A ideia geral do livro foi inteligentemente apropriada por Ang Lee, na medida em que a adaptação do diretor a todo momento realça o contraste entre as duas realidades, justapondo a dicotomia entre a satisfação pessoal e a renúncia do indivíduo em nome do bem comum, uma e outra pródigas de suas tantas alegrias e seus incontáveis tormentos. O diretor também narra a história enaltecendo aspectos muito particulares da cultura chinesa, como o taoísmo e outras práticas religiosas que valorizam o culto aos ancestrais; o respeito quase devocional do discípulo pelo mestre; a observação de códigos de honra específicos, tácitos, porém rígidos; e, por óbvio, o emprego das artes marciais como ferramenta que possibilita ao guerreiro um meio de se defender, adquirir experiência diante das instabilidades da vida e uma oportunidade de ascensão social. Personagens a exemplo de Dark Cloud (Chang Chen), Sir Te (Sihung Lung) e, ainda mais destacadamente, Jade Fox (Pei-Pei Cheng), se prestam a movimentar a narrativa em tal ou qual sentido, iniciando conflitos e encaminhando a história para os muitos anticlímax ao longo de suas duas horas de projeção, quase todos relacionados à figura da Destino Verde, mas deixando espaço para a abordagem sobre o uso do veneno, outro signo de relevo nos contos do Oriente.
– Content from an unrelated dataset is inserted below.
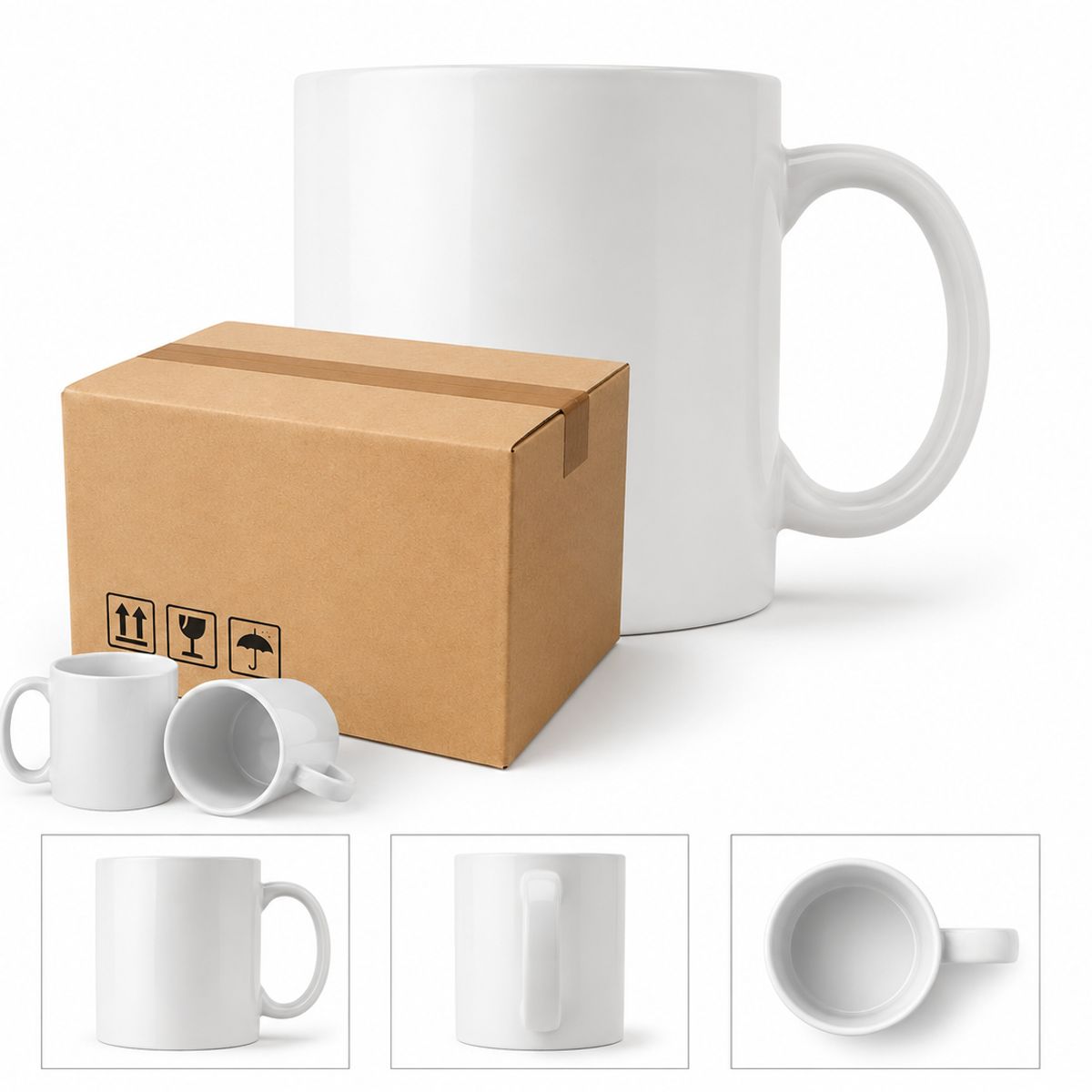 TODOK - Caja de Tazones Sublimación 11oz 36 Tazas Triple AAA Premiun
A esse propósito, “O Tigre e o Dragão” se apresenta como um filme sobre eventos inusitados, característica que lhe confere verossimilhança, já que os contendores se batem por questões de vida ou morte, mas igualmente por um desentendimento menor qualquer, nem sempre se levando ao pé da letra a obediência aos preceitos acerca de ordem e boa conduta. Permeando a inconstância dos personagens, as lutas encantam pelo rigor da coreografia, plenas de saltos, encenadas grande parte das vezes na natureza agreste das florestas de uma China ainda desconhecida, inexplorada, que talvez nem existam mais, visto o progresso inestimável por que passou o país ao longo das últimas duas décadas. Aliás, quanto a esse aspecto, é nítida a diferença entre o filme original e a sequência rodada 16 anos depois, em 2016, de que Michelle Yeoh é a única remanescente do elenco da matriz. Desdobrando com mais cautela o argumento da relíquia sobre a qual gira o eixo da história de 2000, “O Tigre e o Dragão: A Espada do Destino”, dirigido por Yuen Woo-ping, que não conseguiu escalar a muralha de reservas da crítica e do público e fica muito, mas muito aquém da produção que lhe deu origem.
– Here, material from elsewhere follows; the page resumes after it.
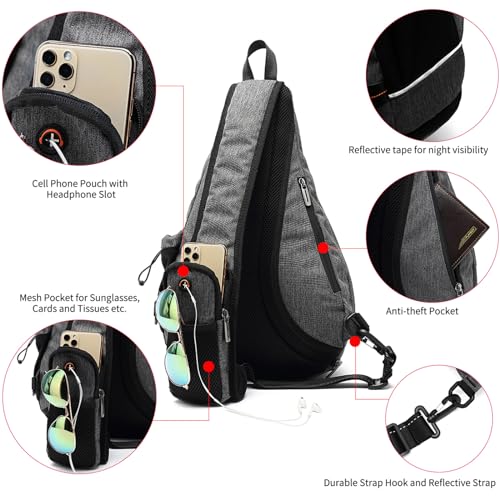 TUDEQU Sling Bag for Men Crossbody Backpack,8 Pockets Sling Backpack Mens Sling Bag,19L Sling Pack,One Strap Backpack for Men | One Strap Backpack with Umbrella Pocket,Sling Backpack with Stability Strap, One Shoulder Backpack for Hiking,Gym,Travel - colo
A trilha sonora do compositor clássico contemporâneo Tan Dun, gravada a toque de caixa pela Orquestra Sinfônica de Xangai, torna patente o equilíbrio de tradição e renovamento, ambos prestigiando a singeleza. Todo falado em mandarim — uma salada de diferentes sotaques, já que parte dos atores não dominava o idioma —, “O Tigre e o Dragão” roubou a cena no Oscar 2001: recebeu uma dezena de indicações e levou quatro estatuetas, Melhor Filme Estrangeiro; Melhor Fotografia, para Peter Pau; Melhor Trilha Sonora Original, para Tan Dun; e Melhor Direção de Arte, para Timmy Yip. Malgrado se detenha sobre uma história de há mais de dois séculos, ao falar dos tantos dilemas éticos a rondar a trajetória do homem, a busca por autoafirmação, o amor impossível, o amor menosprezado, o filme é um trabalho tão vigoroso e ao mesmo tempo tão lírico que algumas sequências de lutas em telhados de palácios e copas de árvores até poderiam durar um pouco menos, a fim de que pudéssemos apreciar com mais parcimônia as reviravoltas inesperadas, os figurinos ostensivos e discretos, mas sempre adequados, e a fotografia de Peter Pau, realmente digna do prêmio máximo da Academia de Hollywood. Trocadas as juras de amor entre as personagens de Chang Chen e Zhang Ziyi, ninguém se conforma em não poder deslizar sobre o precipício e viajar com ela. Uma anti-heroína como poucas numa história rara.